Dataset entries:
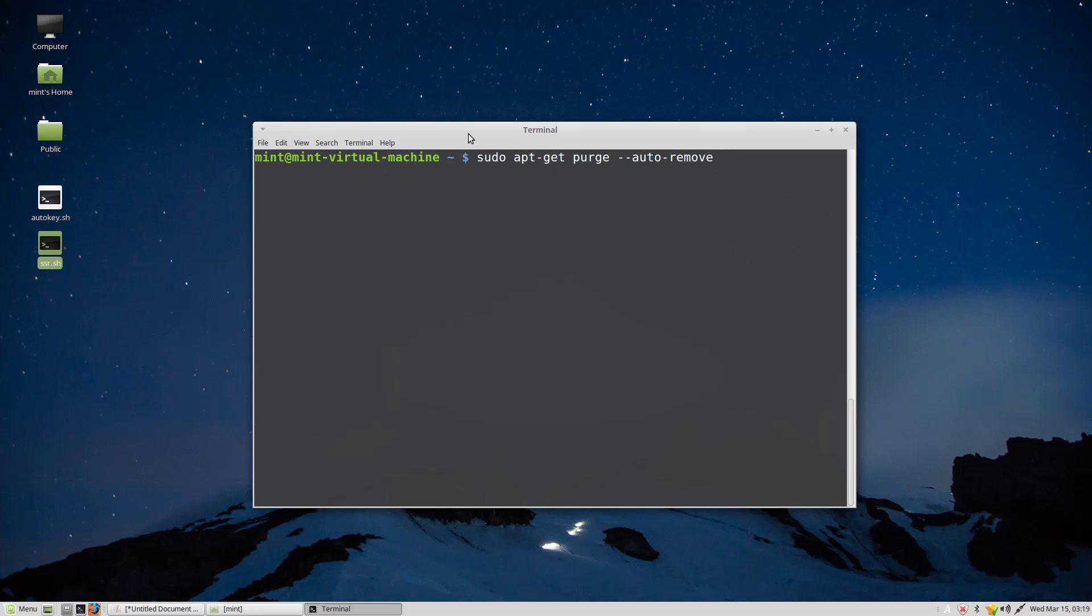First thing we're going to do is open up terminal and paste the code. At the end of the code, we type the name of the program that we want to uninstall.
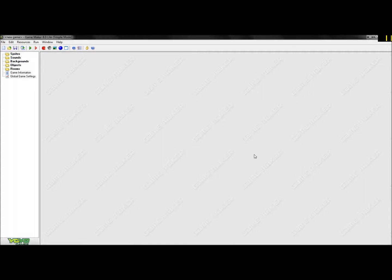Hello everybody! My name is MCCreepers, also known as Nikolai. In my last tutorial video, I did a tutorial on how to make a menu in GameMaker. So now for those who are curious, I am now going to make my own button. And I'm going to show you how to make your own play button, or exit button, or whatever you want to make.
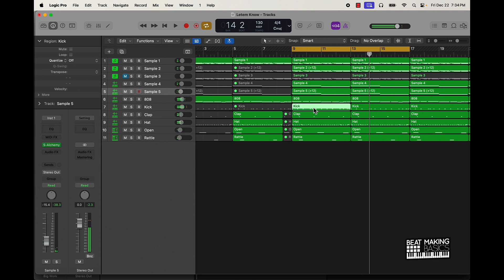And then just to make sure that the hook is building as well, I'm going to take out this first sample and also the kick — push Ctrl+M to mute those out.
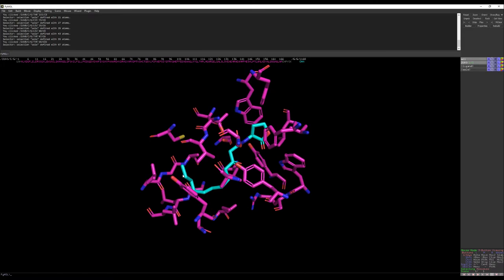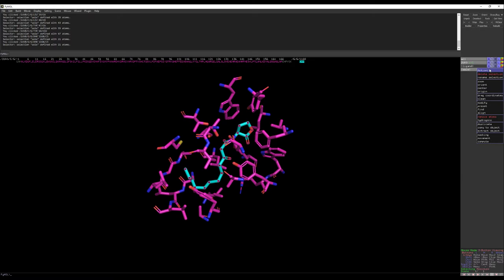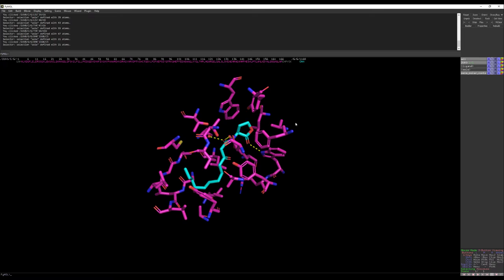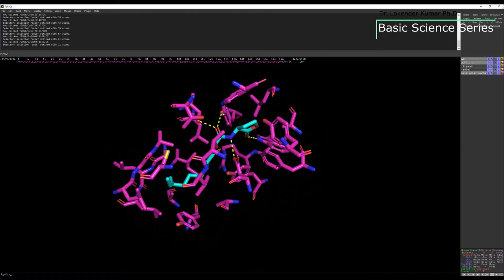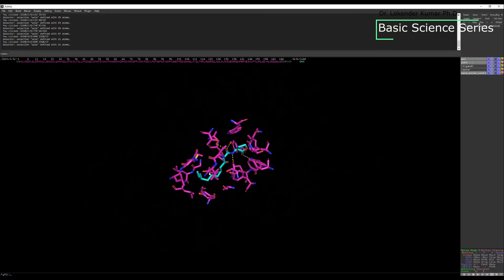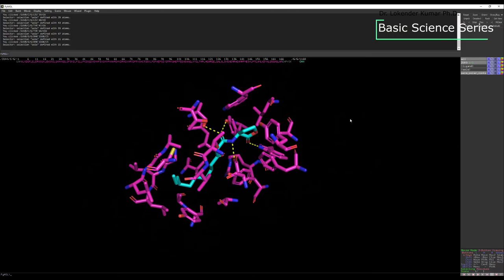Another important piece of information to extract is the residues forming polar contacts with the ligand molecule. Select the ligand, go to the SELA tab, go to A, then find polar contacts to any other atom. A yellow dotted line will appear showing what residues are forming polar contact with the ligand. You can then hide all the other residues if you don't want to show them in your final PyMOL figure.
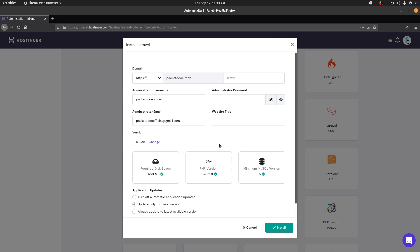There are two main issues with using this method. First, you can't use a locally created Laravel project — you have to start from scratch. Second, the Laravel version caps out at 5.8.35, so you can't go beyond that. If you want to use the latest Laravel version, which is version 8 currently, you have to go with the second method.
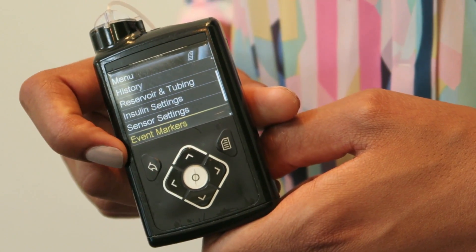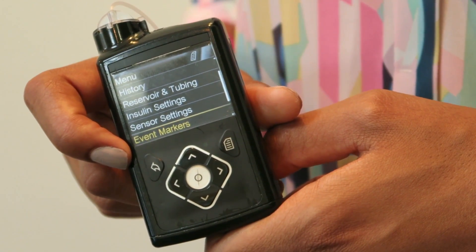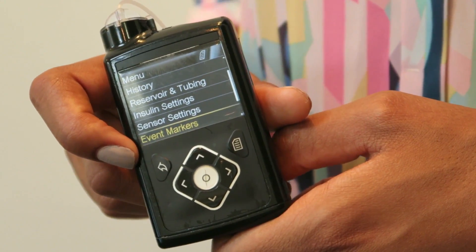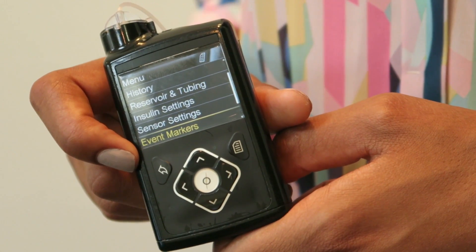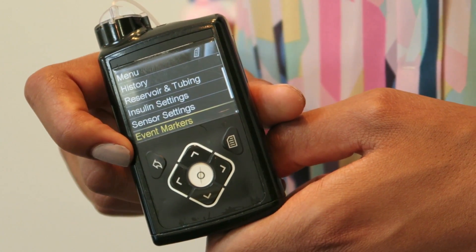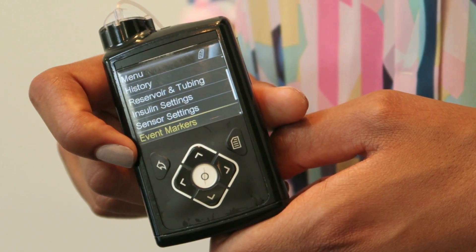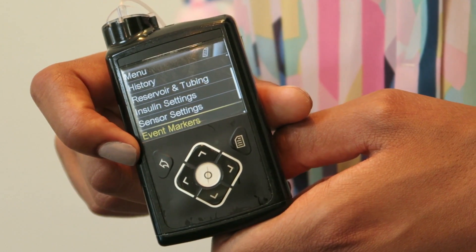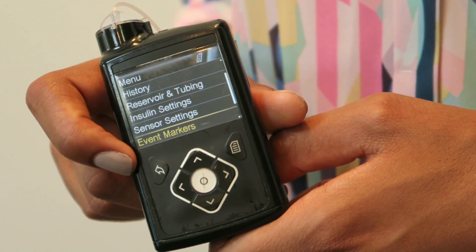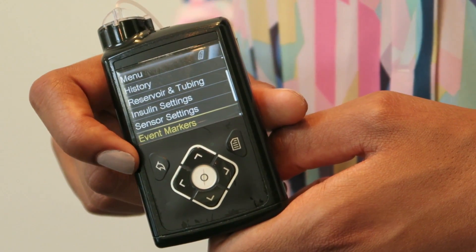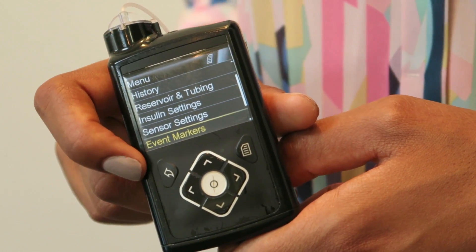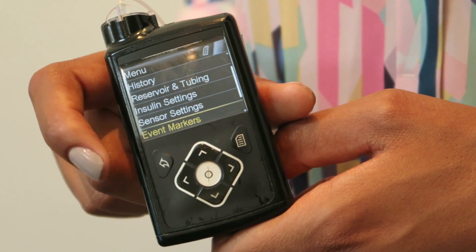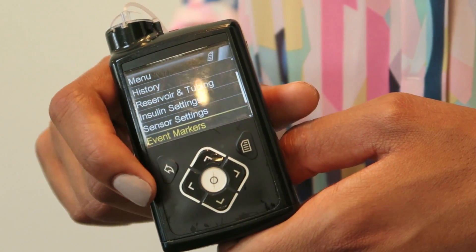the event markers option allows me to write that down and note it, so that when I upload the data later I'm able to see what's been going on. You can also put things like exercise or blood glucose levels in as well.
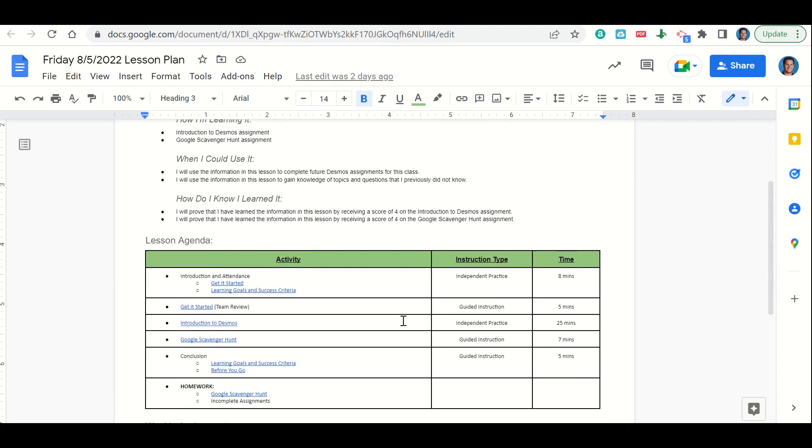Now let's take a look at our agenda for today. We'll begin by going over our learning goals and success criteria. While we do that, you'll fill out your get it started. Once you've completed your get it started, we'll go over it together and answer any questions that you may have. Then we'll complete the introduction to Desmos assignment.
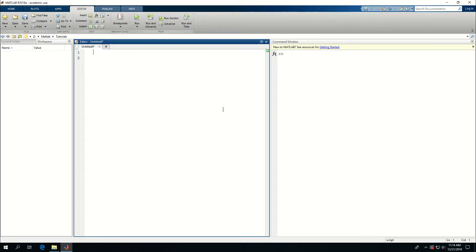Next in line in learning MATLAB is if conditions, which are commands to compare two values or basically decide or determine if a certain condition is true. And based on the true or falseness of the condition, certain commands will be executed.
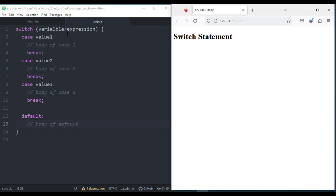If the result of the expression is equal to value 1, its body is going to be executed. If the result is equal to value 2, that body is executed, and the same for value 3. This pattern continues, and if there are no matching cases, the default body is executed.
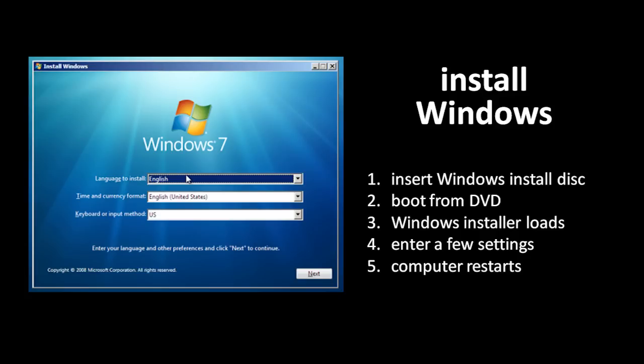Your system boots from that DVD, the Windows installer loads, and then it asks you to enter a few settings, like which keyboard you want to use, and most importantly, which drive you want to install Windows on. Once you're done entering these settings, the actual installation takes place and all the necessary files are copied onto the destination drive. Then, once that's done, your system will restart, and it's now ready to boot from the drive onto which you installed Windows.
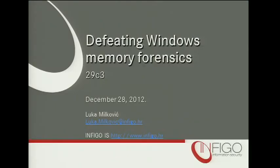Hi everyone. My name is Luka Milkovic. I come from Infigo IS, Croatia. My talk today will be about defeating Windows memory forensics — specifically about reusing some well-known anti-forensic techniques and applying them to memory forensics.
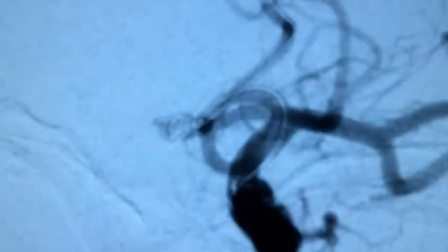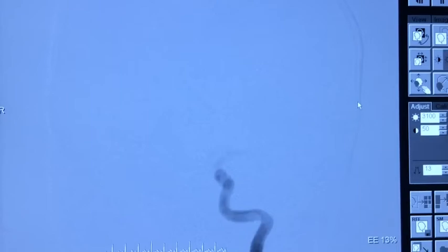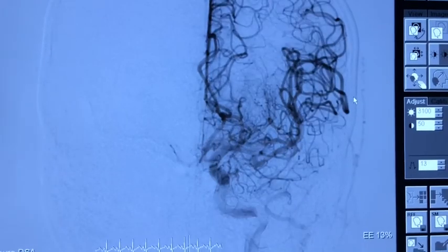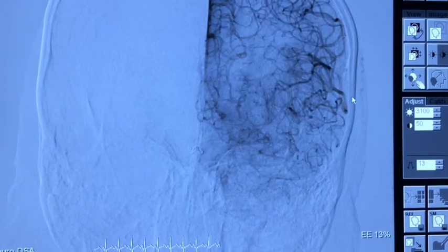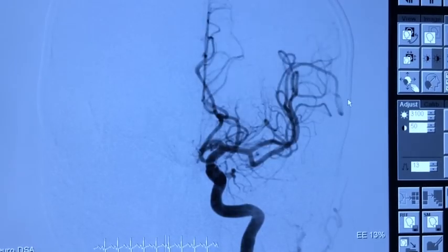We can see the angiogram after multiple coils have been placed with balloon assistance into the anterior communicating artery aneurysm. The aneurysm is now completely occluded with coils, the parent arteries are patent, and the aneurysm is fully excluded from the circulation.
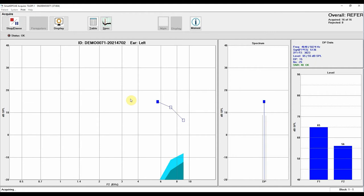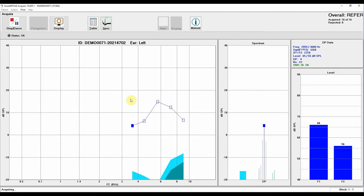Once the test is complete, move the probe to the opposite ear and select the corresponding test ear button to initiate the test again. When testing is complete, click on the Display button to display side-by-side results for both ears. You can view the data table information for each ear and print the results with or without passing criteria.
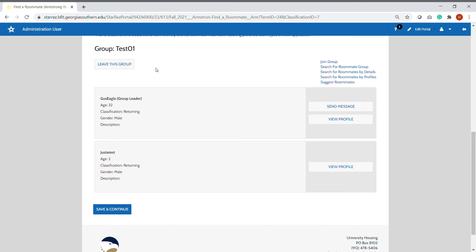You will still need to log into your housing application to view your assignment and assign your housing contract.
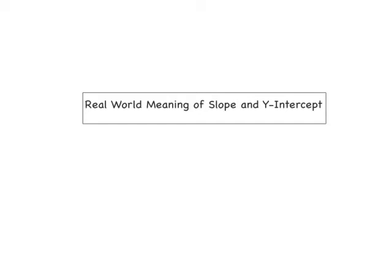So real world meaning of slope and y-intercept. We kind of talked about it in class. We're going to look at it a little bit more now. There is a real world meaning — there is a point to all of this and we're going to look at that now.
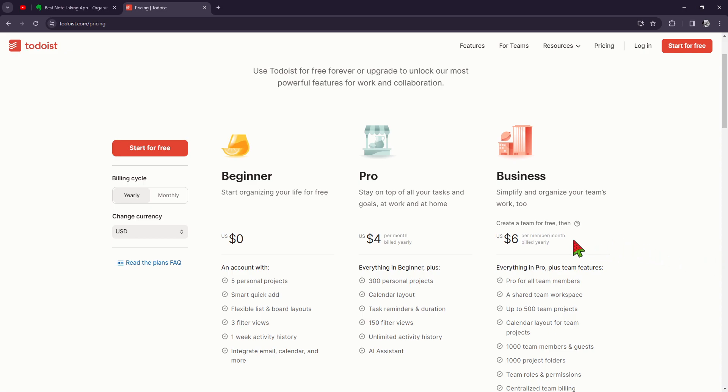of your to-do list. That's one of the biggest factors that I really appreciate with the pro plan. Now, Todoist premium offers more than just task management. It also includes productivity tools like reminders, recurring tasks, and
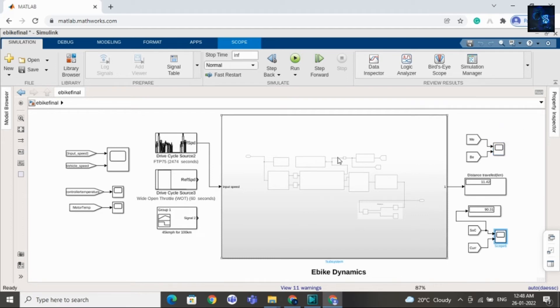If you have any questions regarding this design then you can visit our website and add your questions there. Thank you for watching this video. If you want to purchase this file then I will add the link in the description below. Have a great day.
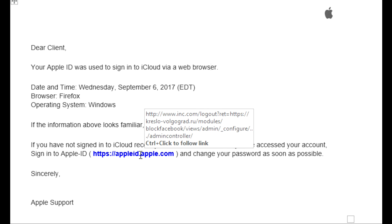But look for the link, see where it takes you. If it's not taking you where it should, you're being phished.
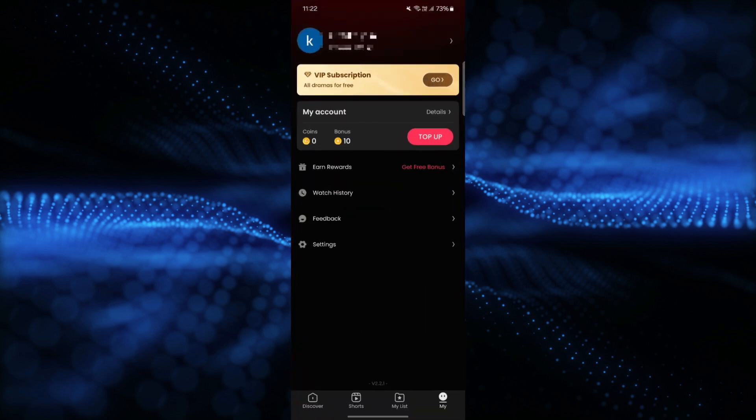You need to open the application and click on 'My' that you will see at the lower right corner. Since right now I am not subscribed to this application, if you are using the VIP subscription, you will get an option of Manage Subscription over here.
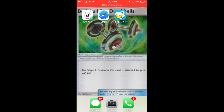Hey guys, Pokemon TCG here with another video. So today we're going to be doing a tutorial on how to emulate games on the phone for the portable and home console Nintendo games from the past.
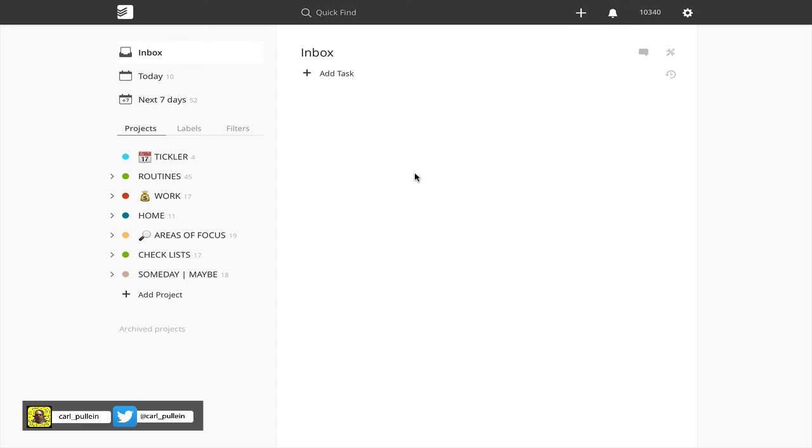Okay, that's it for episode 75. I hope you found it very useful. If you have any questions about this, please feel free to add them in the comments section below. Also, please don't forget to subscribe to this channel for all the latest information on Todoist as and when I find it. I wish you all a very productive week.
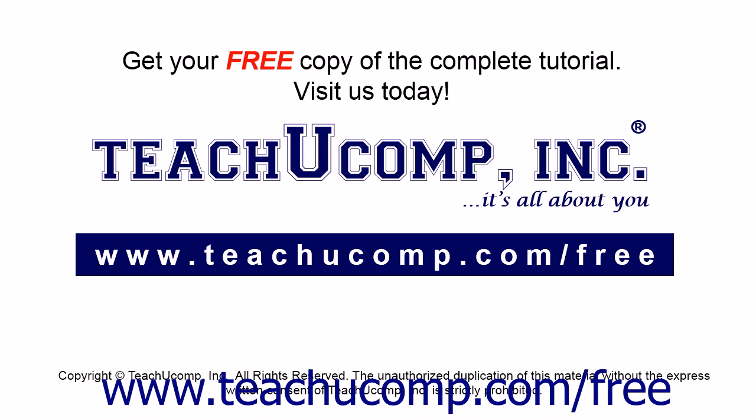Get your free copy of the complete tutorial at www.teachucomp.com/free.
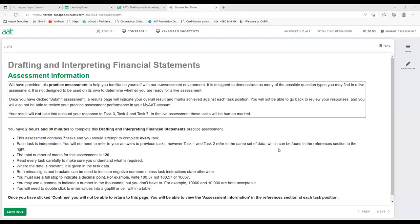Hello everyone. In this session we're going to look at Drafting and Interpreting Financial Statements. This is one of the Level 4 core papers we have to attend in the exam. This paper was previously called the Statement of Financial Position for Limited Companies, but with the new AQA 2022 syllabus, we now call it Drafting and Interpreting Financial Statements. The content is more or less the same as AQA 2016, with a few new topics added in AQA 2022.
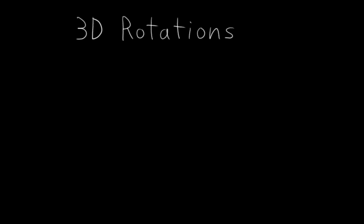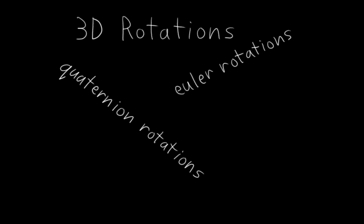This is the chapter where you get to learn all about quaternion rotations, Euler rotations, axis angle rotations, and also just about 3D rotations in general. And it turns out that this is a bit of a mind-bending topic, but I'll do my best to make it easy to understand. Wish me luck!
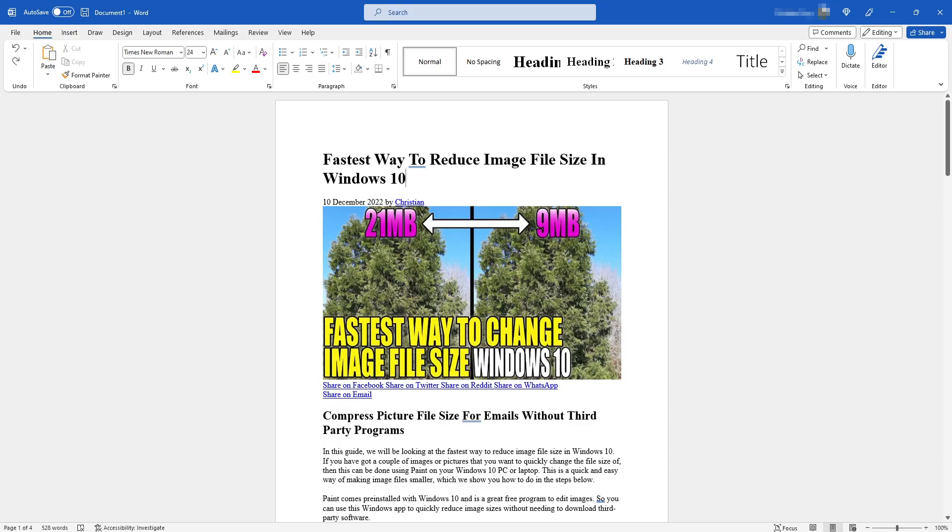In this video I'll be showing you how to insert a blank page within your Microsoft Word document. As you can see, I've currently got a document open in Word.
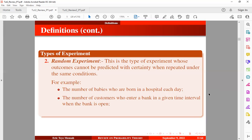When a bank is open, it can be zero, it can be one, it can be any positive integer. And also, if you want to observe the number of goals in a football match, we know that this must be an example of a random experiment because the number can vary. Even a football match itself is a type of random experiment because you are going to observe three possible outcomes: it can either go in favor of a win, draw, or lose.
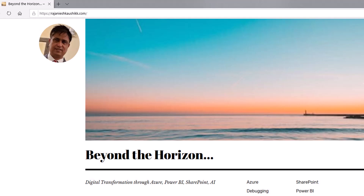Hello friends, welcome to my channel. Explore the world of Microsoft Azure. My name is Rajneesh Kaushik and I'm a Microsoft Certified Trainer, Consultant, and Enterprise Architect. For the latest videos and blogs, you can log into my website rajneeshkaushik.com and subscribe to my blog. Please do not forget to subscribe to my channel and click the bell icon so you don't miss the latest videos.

▶ [Required action]:
Using the data above, which lines fall from the one with "You will still" through the one with "Okay, that's it"? Repeat them exactly, ends included, minus any pictures.

▶ [Exercise answer]:
You will still need to log into your housing application to view your assignment and assign your housing contract.
So real world meaning of slope and y-intercept. We kind of talked about it in class. We're going to look at it a little bit more now. There is a real world meaning — there is a point to all of this and we're going to look at that now.
of your to-do list. That's one of the biggest factors that I really appreciate with the pro plan. Now, Todoist premium offers more than just task management. It also includes productivity tools like reminders, recurring tasks, and
If you have any questions regarding this design then you can visit our website and add your questions there. Thank you for watching this video. If you want to purchase this file then I will add the link in the description below. Have a great day.
But look for the link, see where it takes you. If it's not taking you where it should, you're being phished.
You need to open the application and click on 'My' that you will see at the lower right corner. Since right now I am not subscribed to this application, if you are using the VIP subscription, you will get an option of Manage Subscription over here.
Hey guys, Pokemon TCG here with another video. So today we're going to be doing a tutorial on how to emulate games on the phone for the portable and home console Nintendo games from the past.
Okay, that's it for episode 75. I hope you found it very useful. If you have any questions about this, please feel free to add them in the comments section below. Also, please don't forget to subscribe to this channel for all the latest information on Todoist as and when I find it. I wish you all a very productive week.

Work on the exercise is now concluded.